Personal information
- Born: November 23, 1991 (age 34) Starke, Florida, U.S.
- Listed height: 5 ft 7 in (1.70 m)
- Listed weight: 203 lb (92 kg)

Career information
- High school: Jacksonville (FL) Bolles
- College: Rutgers
- NFL draft: 2013: 7th round, 228th overall pick

Career history
- Washington Redskins (2013); Pittsburgh Steelers (2014)*; Bismarck Bucks (2017);
- * Offseason or practice squad member only

Awards and highlights
- Second-team All-Big East (2012);
- Stats at Pro Football Reference

= Jawan Jamison =

American football player (born 1991)

Jawan Jamison (born November 23, 1991) is an American former football running back. He played college football for Rutgers University. He was selected in the seventh round of the 2013 NFL draft by the Washington Redskins.

==Early life==
Jamison attended The Bolles School in Jacksonville, Florida, where he played football and ran track. He was teammates with John Theus. He led Bolles to back-to-back Florida Class 2A state championships in 2008 and 2009. As a senior; Jamison rushed for over 1,700 yards and scored 17 touchdowns.

In track & field, Jamison was a standout sprinter. He posted a personal-best time of 10.87 seconds in the 100 meters. He was also a member of the 4 × 100 m (42.79 s) relay squad.
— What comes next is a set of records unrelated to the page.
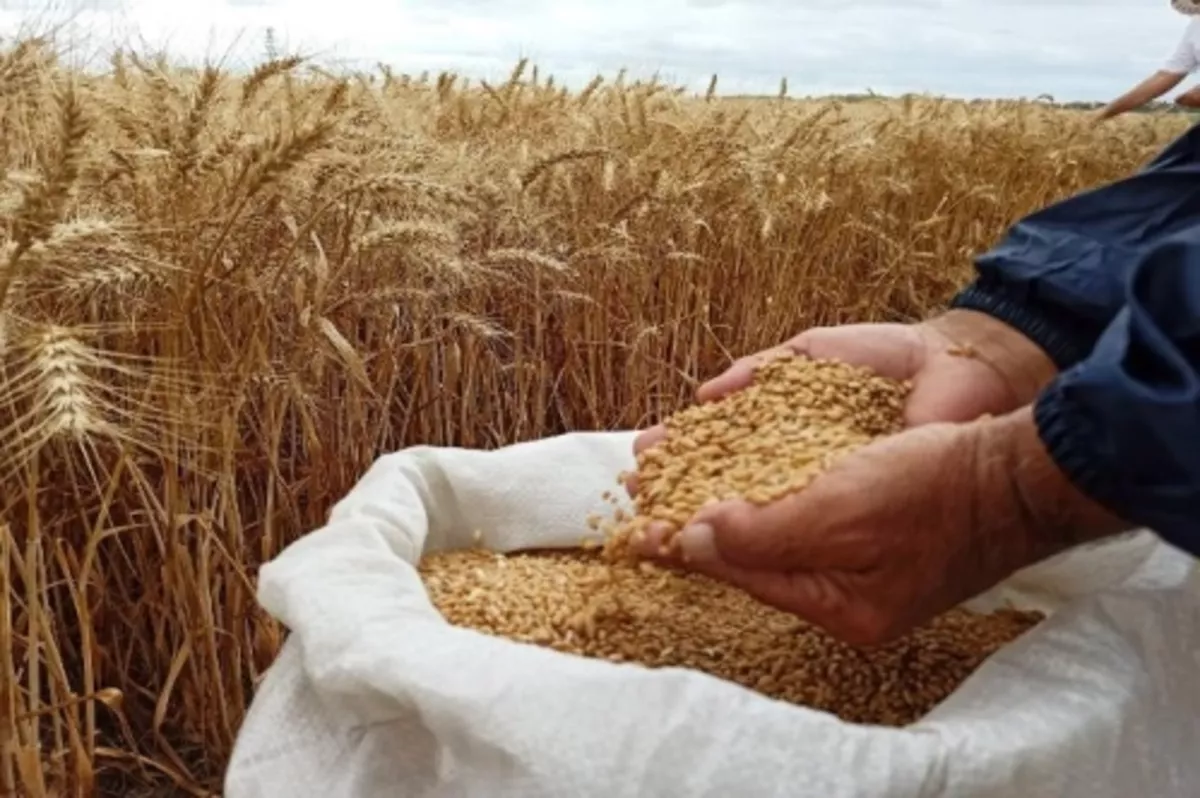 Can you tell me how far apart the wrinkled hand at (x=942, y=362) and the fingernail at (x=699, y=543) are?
250 millimetres

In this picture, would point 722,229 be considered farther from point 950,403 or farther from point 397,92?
point 950,403

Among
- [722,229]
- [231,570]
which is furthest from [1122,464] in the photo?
[722,229]

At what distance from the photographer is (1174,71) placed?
591 cm

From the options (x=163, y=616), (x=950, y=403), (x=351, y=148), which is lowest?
(x=163, y=616)

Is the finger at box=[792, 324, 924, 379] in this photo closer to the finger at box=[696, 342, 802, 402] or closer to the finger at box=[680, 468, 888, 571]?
the finger at box=[696, 342, 802, 402]

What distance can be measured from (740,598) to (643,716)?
41 cm

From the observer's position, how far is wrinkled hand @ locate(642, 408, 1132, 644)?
38.9 inches

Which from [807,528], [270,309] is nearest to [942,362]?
[807,528]

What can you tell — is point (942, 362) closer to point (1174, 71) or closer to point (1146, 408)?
point (1146, 408)

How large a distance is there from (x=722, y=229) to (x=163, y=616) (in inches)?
57.3

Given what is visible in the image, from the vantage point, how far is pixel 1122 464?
90 cm

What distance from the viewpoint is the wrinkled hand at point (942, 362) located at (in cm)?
127

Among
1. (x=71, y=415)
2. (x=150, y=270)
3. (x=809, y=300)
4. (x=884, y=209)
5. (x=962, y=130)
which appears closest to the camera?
(x=71, y=415)

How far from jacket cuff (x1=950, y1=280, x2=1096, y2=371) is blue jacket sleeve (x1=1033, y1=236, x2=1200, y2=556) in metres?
0.31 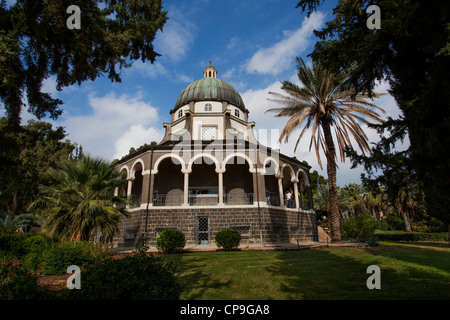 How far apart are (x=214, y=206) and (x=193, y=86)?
1435cm

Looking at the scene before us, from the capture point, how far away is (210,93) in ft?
88.6

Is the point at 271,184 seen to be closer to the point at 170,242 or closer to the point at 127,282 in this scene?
the point at 170,242

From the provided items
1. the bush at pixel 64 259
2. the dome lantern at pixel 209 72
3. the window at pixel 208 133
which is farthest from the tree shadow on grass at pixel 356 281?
the dome lantern at pixel 209 72


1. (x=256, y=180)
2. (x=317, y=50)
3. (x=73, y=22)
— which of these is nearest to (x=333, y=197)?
(x=256, y=180)

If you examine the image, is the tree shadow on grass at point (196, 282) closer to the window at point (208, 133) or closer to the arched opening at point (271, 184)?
the arched opening at point (271, 184)

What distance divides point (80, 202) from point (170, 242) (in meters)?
4.98

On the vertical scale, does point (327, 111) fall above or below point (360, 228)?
above

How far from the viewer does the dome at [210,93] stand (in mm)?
26891

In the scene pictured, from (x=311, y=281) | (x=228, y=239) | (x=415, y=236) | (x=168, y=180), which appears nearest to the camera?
(x=311, y=281)

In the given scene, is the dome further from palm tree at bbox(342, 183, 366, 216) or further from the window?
palm tree at bbox(342, 183, 366, 216)

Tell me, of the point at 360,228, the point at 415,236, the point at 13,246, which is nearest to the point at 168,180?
the point at 13,246

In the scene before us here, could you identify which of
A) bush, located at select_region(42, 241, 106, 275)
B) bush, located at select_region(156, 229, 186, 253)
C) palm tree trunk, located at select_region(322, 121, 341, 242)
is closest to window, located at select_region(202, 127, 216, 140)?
palm tree trunk, located at select_region(322, 121, 341, 242) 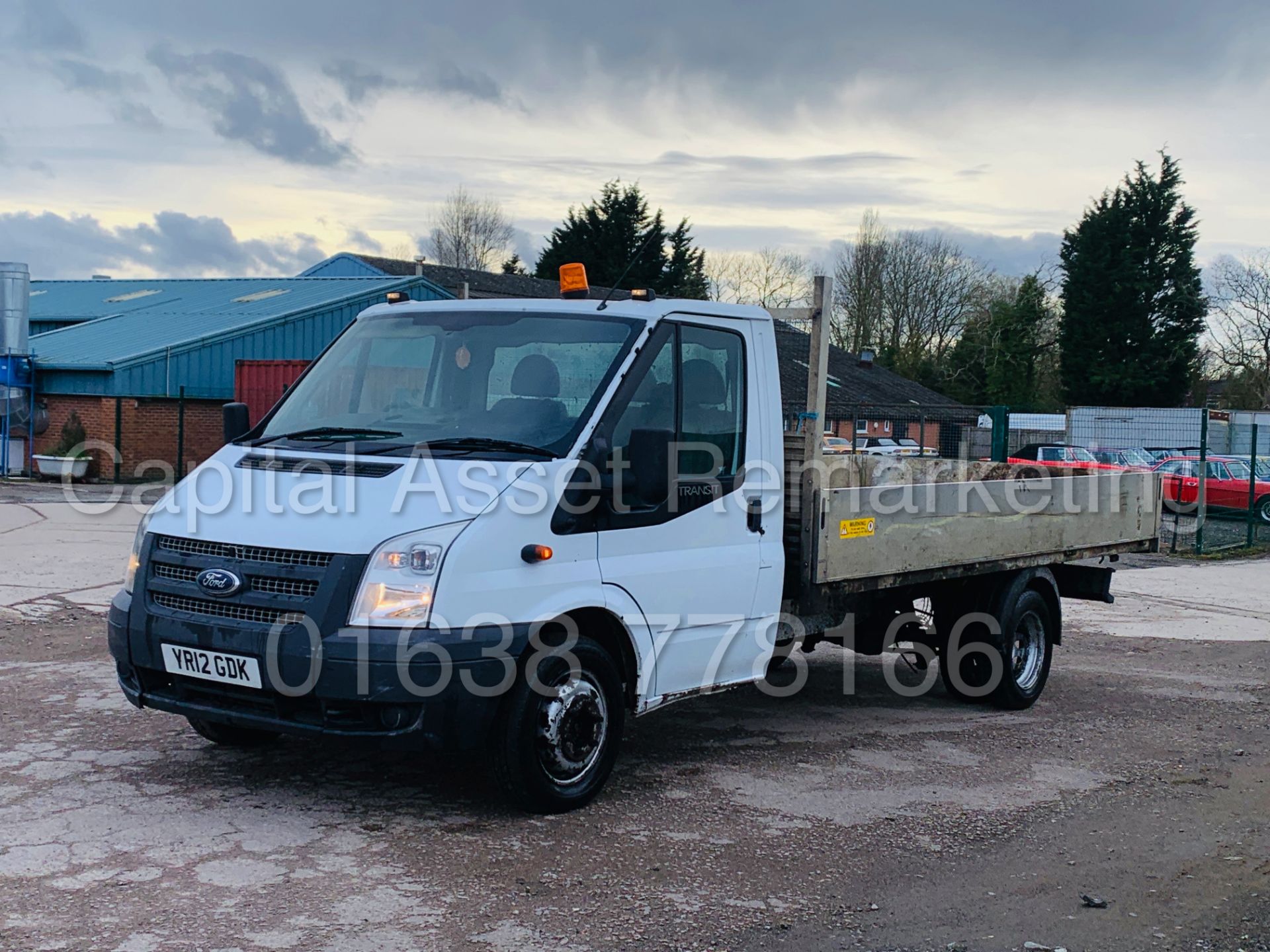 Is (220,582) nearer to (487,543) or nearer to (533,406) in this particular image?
(487,543)

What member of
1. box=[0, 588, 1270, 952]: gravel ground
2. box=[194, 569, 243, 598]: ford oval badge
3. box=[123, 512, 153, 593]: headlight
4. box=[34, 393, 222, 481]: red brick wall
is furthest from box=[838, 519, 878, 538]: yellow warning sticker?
box=[34, 393, 222, 481]: red brick wall

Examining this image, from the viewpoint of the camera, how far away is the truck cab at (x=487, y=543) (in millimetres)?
5223

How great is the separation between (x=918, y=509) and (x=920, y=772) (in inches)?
60.1

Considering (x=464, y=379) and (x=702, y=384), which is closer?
(x=464, y=379)

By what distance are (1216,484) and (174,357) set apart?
2225cm

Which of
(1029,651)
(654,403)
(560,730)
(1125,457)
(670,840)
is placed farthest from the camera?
(1125,457)

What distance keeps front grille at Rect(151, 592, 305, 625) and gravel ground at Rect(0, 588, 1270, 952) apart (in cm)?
86

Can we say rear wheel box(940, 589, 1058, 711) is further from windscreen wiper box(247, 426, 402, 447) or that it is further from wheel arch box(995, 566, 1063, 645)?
windscreen wiper box(247, 426, 402, 447)

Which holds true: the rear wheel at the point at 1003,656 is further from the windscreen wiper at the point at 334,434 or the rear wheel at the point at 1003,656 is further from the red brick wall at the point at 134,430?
the red brick wall at the point at 134,430

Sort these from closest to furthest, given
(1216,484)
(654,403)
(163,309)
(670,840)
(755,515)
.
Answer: (670,840) → (654,403) → (755,515) → (1216,484) → (163,309)

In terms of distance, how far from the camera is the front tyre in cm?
547

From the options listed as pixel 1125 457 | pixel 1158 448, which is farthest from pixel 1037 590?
pixel 1158 448

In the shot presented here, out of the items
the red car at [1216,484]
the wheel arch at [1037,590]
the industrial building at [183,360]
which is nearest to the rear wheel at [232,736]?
the wheel arch at [1037,590]

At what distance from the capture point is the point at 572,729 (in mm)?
5711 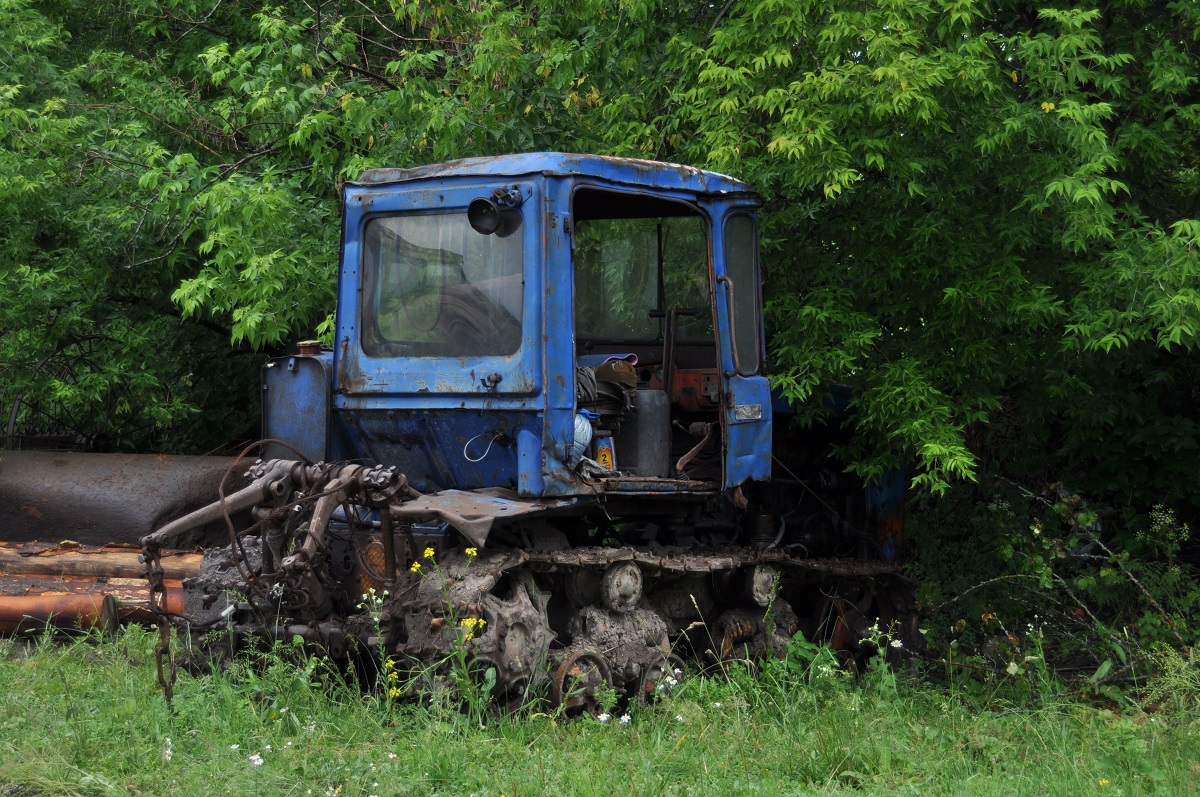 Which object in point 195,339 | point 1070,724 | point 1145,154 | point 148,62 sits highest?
point 148,62

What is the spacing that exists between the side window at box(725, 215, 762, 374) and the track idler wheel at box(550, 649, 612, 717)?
6.04ft

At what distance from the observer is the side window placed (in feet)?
23.4

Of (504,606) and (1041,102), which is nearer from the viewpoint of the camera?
(504,606)

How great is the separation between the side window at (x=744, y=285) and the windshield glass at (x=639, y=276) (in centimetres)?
43

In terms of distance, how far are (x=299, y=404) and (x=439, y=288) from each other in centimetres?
100

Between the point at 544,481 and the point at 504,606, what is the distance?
0.59 metres

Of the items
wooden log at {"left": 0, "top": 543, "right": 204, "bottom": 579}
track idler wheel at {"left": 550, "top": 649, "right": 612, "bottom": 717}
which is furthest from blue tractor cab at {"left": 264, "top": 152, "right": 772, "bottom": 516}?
wooden log at {"left": 0, "top": 543, "right": 204, "bottom": 579}

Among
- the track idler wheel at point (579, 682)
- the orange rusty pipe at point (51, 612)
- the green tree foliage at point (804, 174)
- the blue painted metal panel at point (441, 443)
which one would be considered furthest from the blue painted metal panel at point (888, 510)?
the orange rusty pipe at point (51, 612)

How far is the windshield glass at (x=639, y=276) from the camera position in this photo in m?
7.76

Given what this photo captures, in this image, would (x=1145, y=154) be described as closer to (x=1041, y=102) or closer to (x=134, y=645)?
(x=1041, y=102)

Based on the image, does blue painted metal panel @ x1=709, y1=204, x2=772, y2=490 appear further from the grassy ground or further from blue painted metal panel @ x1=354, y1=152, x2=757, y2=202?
the grassy ground

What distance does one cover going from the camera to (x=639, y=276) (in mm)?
7887

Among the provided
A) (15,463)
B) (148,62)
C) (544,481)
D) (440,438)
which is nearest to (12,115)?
(148,62)

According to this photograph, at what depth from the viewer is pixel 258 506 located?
6.20m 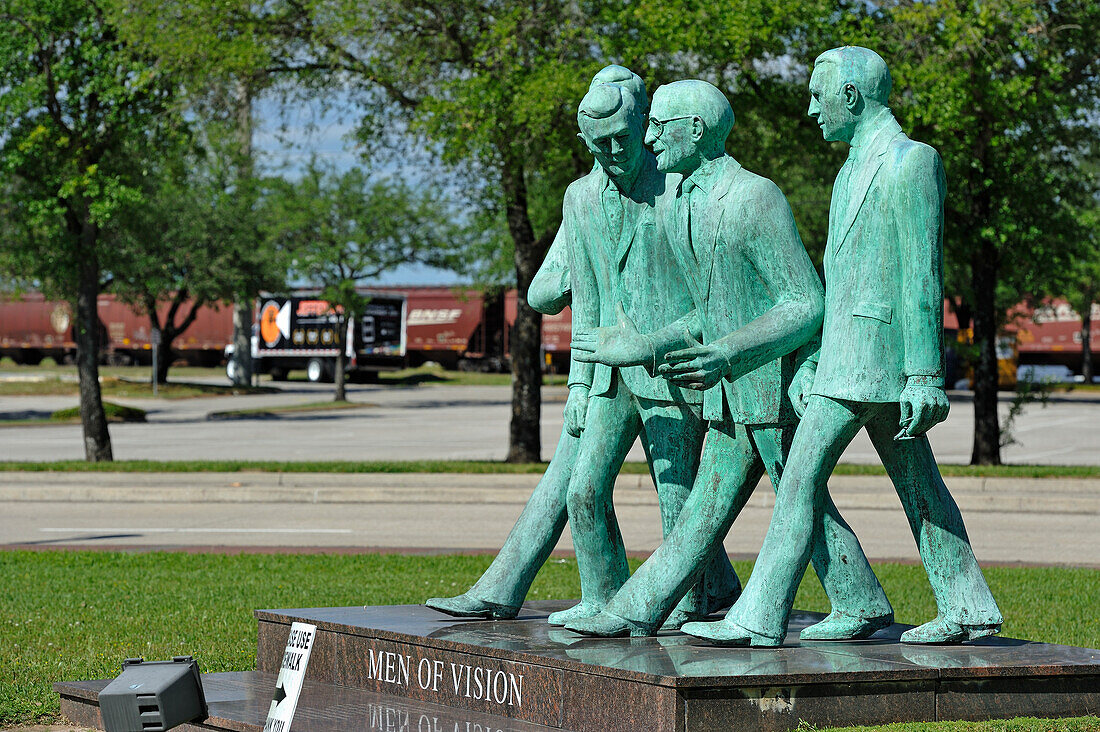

Considered a three-star recruit by Rivals.com, he was rated as the 21st all-purpose back in the nation. He accepted a scholarship from Rutgers over offers from Florida Atlantic and Northern Illinois.

==College career==
Jamison redshirted his first year and spent his time on the scout team. As a redshirt freshman in 2011, Jamison rushed for 897 yards on 231 carries with nine touchdowns. He was the MVP of the 2011 Pinstripe Bowl after rushing for 131 yards on 27 carries with two touchdowns. As a redshirt sophomore in 2012, he rushed for 1,054 yards on 242 carries four touchdowns. Jamison elected to not finish two years of eligibility and enter the 2013 NFL draft. Most draft boards have Jamison projected as a third round pick.

==Professional career==
===Pre-draft===
Jamison was considered one of the best running backs in his class.

Pre-draft measurables
| Height | Weight | Arm length | Hand span | 40-yard dash | 10-yard split | 20-yard split | Vertical jump | Broad jump | Bench press |
| 5 ft 8 in (1.73 m) | 203 lb (92 kg) | 29 in (0.74 m) | 83⁄8 | 4.68 s | 1.63 s | 2.60 s | 29 in (0.74 m) | 9 ft 2 in (2.79 m) | 20 reps |
All values from NFL Combine.

===Washington Redskins===
Jamison was selected by the Washington Redskins in the seventh round (228th overall) of the 2013 NFL draft. He officially signed a four-year contract with the team on May 16, 2013. The Redskins waived him on August 31, 2013, for final roster cuts before the start of 2013 season, he was signed to the team's practice squad the next day. On December 10, 2013, Jamison was added to the Redskins active roster, after a season-ending injury to running back Evan Royster. He was released on March 4, 2014.

===Pittsburgh Steelers===
Jamison was signed by the Pittsburgh Steelers on August 1, 2014. He was waived on August 11.

===Bismarck Bucks===
On January 7, 2017, Jamison signed with the Bismarck Bucks of Champions Indoor Football (CIF). Jamison was suspended on March 8, 2017, and was released March 9, 2017, appearing in just one game for the Bucks.